Even when he talked about infrastructure spending, one of the major ways Trump breaks from the GOP, he described roads and bridges as being "financed through both public and private capital"—presumably describing public-private partnerships that can go very wrong, and don't represent a significant investment by government.
Finally, Trump said he was calling for "one of the largest increases in national defense spending in American history." It's a $54 billion increase, to be specific, which he has said he'll couple with equivalent cuts to other parts of government. Though Trump (and other Republicans) have complained that the military is weak, the US defense budget continues to dwarf that of other countries—and, of course, America is currently not involved in a major war.
Shrinking the size of government has long been a Republican goal, and one Trump agrees with—except when it comes the functions of government that involve arresting people, deporting immigrants, prosecuting drug users, or adding missiles and ships to America's massive arsenal.

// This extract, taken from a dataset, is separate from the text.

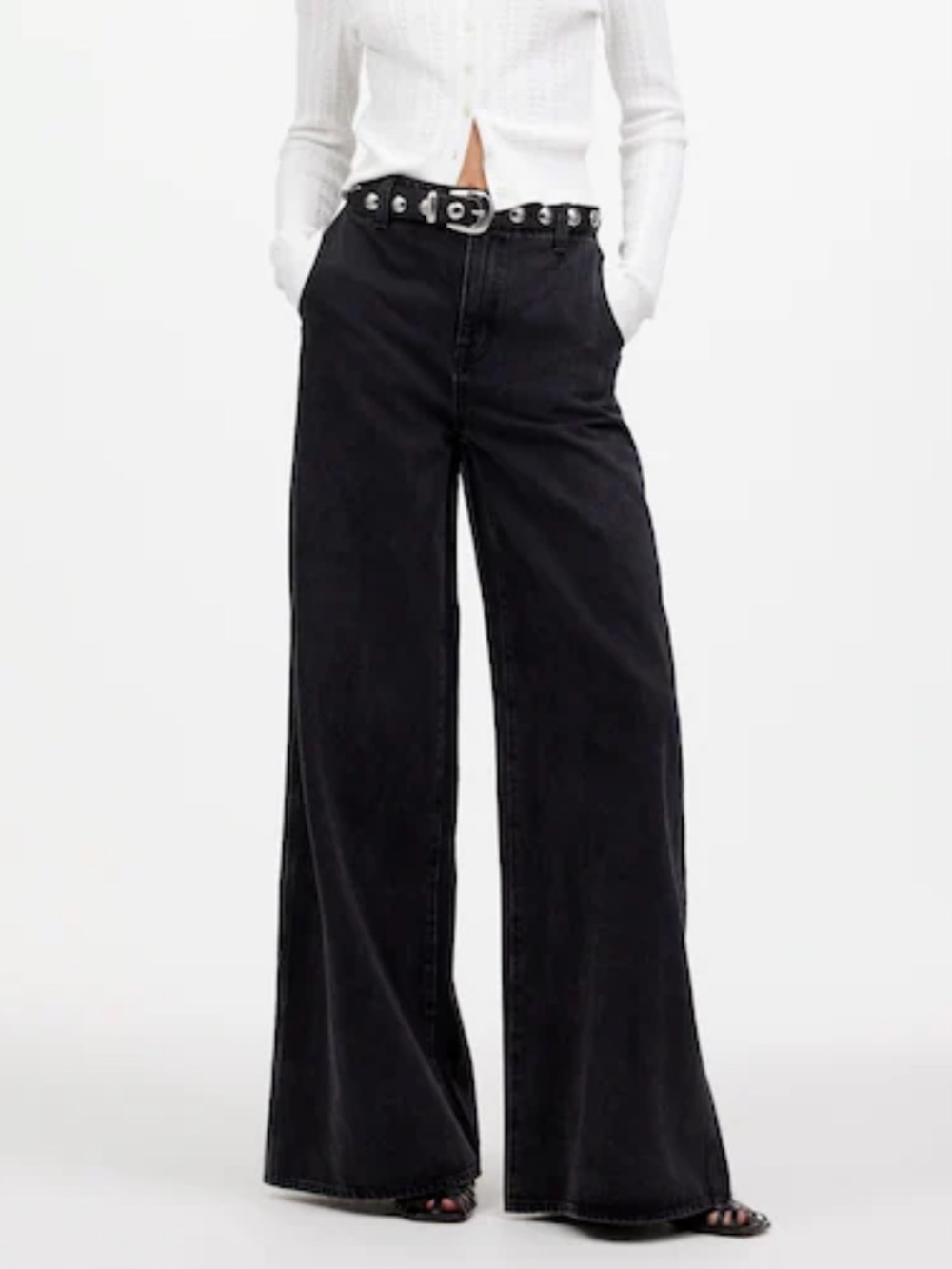 Madewell Wide Sweep Denim Trousers Jeans Size 32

"Think of the marvels we can achieve if we simply set free the dreams of our people," Trump said near the end of his speech. "Cures to illnesses that have always plagued us are not too much to hope. American footprints on distant worlds are not too big a dream."
It's a nice thought—but if Americans want to achieve those dreams, they'll have to do so by themselves. Despite Trump's nice words, it seems clear he's not going to help.